Take the lines in the listing below from the line with "SONY DPP-SV772001 - Modification" up to and including the line with "Recyclable 100Pcs/Bag Useful" and set them down exactly, skipping pictures and adding nothing.

(Data in this exercise)

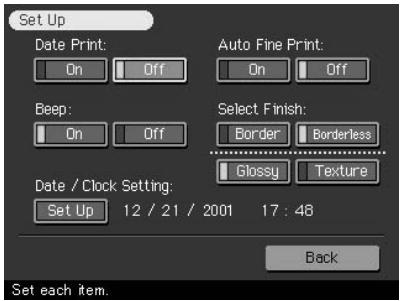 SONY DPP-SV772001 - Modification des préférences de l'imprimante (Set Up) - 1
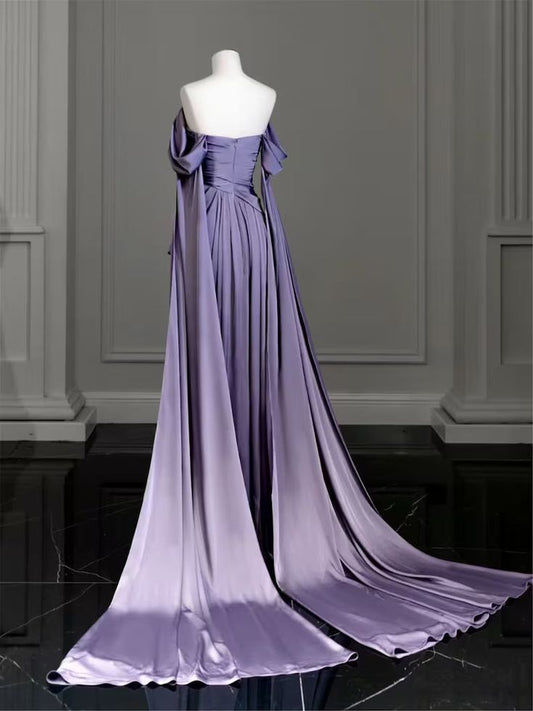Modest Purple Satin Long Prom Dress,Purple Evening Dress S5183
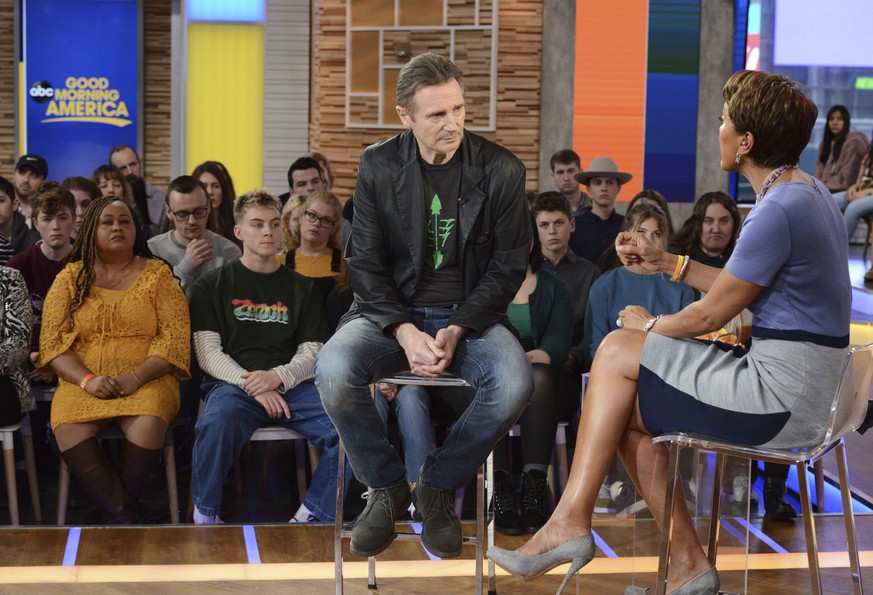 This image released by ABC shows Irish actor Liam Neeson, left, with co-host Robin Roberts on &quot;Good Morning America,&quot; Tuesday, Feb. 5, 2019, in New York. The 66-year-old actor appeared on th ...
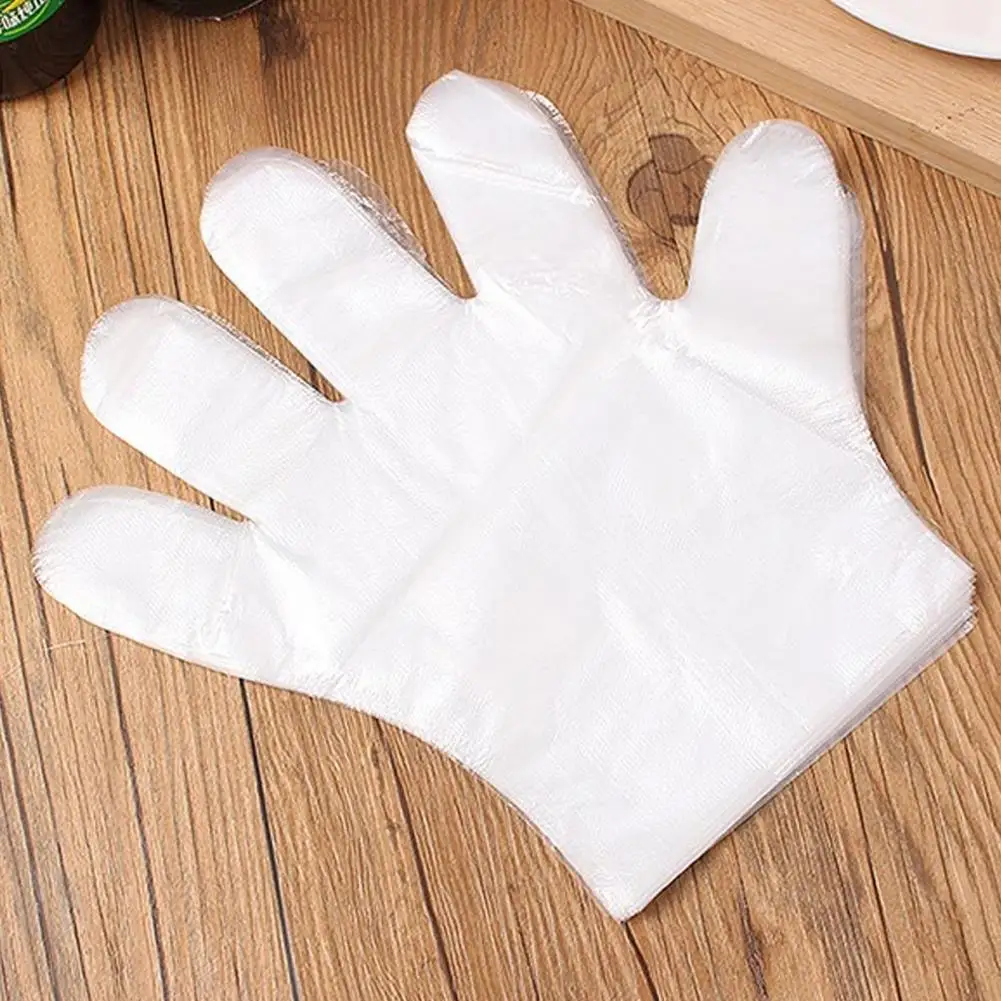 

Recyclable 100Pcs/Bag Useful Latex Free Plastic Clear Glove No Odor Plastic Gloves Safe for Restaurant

(End Data in this exercise)
(Data in this exercise)

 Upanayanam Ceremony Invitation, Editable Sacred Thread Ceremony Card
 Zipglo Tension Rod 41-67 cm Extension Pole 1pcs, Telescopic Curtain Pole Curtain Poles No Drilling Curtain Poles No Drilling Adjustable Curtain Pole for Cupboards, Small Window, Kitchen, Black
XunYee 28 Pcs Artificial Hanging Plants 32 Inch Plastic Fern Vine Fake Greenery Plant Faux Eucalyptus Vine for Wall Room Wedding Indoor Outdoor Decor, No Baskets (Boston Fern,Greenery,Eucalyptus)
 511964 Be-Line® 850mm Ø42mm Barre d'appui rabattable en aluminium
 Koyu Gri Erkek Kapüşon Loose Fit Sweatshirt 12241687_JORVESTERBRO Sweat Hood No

(End Data in this exercise)
(Data in this exercise)

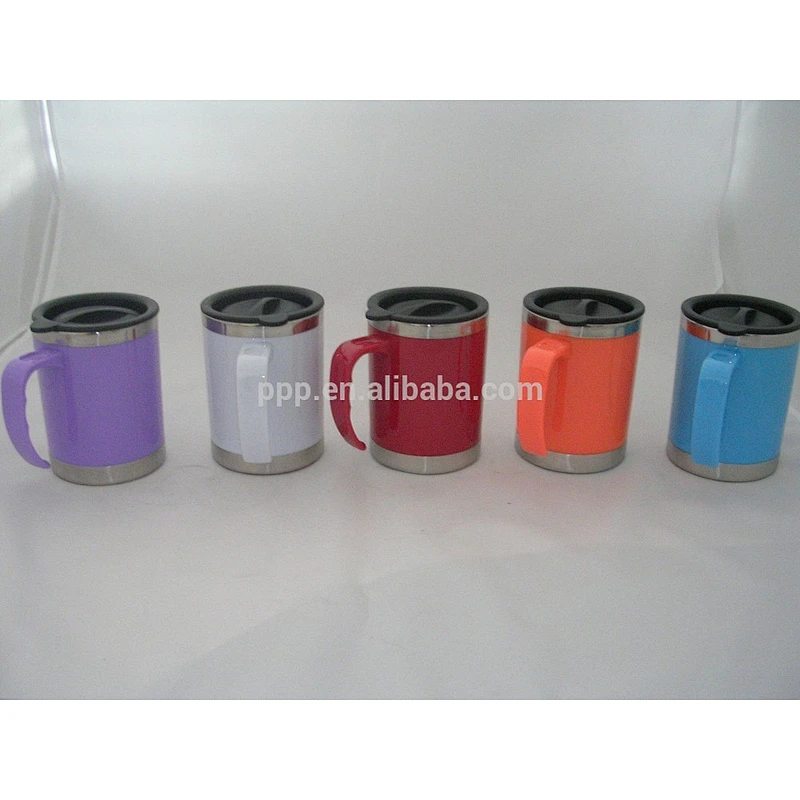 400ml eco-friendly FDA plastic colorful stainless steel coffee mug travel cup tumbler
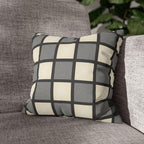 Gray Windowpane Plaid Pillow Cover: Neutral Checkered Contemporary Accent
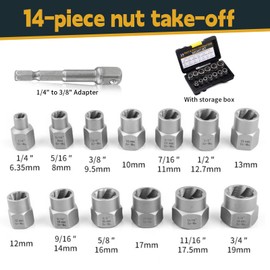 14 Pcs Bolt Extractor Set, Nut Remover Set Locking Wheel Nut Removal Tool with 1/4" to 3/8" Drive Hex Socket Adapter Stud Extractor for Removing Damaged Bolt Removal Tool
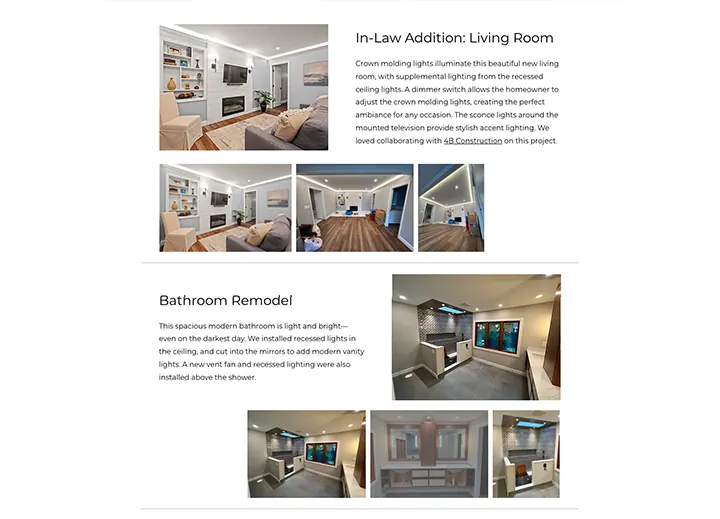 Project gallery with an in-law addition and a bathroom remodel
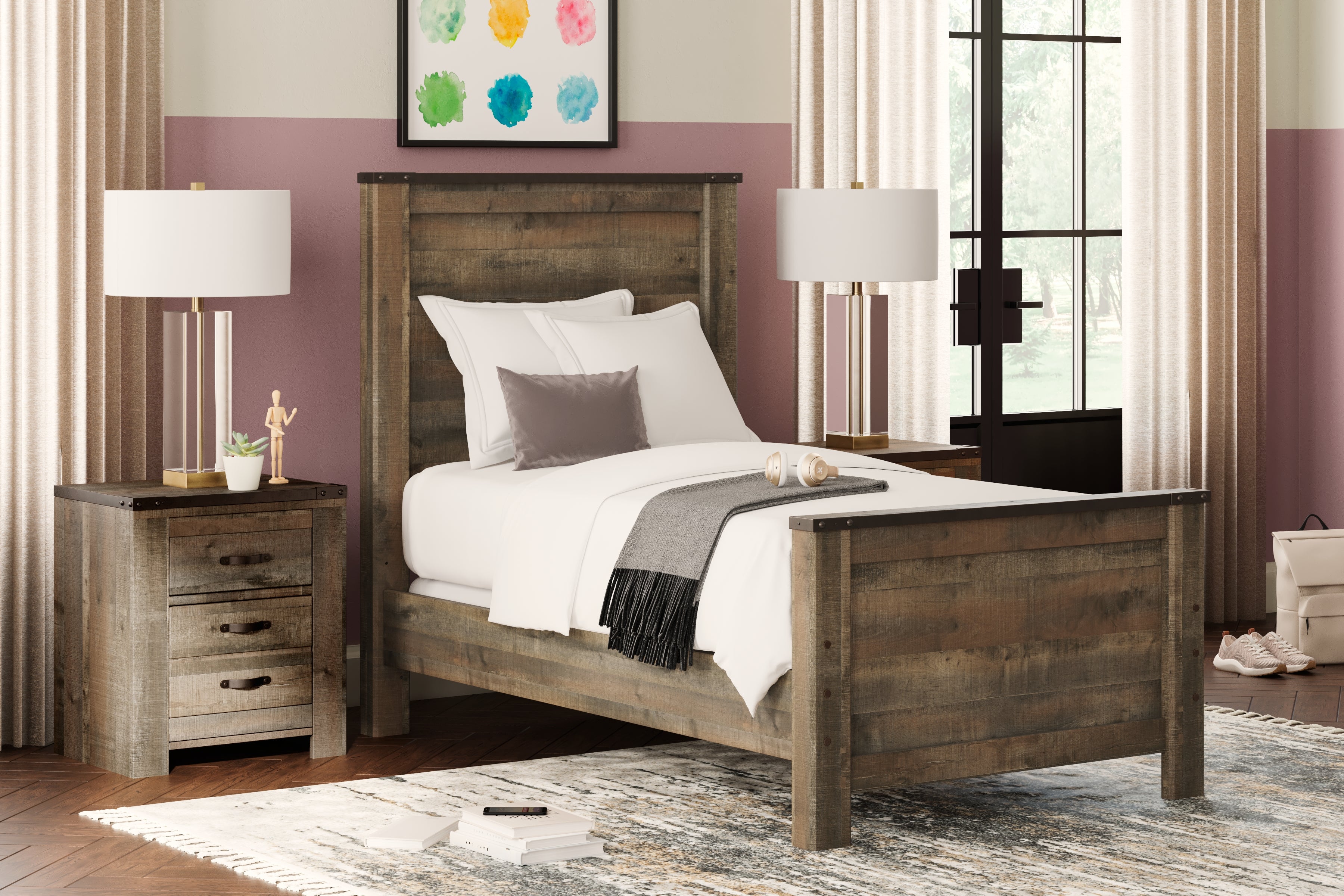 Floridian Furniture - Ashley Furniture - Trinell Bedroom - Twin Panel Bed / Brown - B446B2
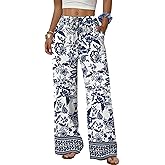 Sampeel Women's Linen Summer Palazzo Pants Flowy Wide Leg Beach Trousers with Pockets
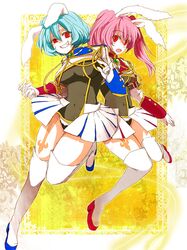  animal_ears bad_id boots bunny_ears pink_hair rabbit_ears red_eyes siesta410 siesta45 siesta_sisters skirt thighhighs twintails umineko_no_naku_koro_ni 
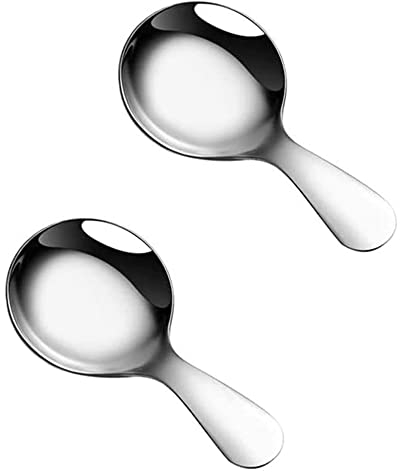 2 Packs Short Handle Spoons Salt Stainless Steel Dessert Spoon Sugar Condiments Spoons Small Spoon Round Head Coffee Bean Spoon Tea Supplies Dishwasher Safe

(End Data in this exercise)

▶ Solved exercise:
 SONY DPP-SV772001 - Modification des préférences de l'imprimante (Set Up) - 1
Modest Purple Satin Long Prom Dress,Purple Evening Dress S5183
 This image released by ABC shows Irish actor Liam Neeson, left, with co-host Robin Roberts on &quot;Good Morning America,&quot; Tuesday, Feb. 5, 2019, in New York. The 66-year-old actor appeared on th ...

Recyclable 100Pcs/Bag Useful Latex Free Plastic Clear Glove No Odor Plastic Gloves Safe for Restaurant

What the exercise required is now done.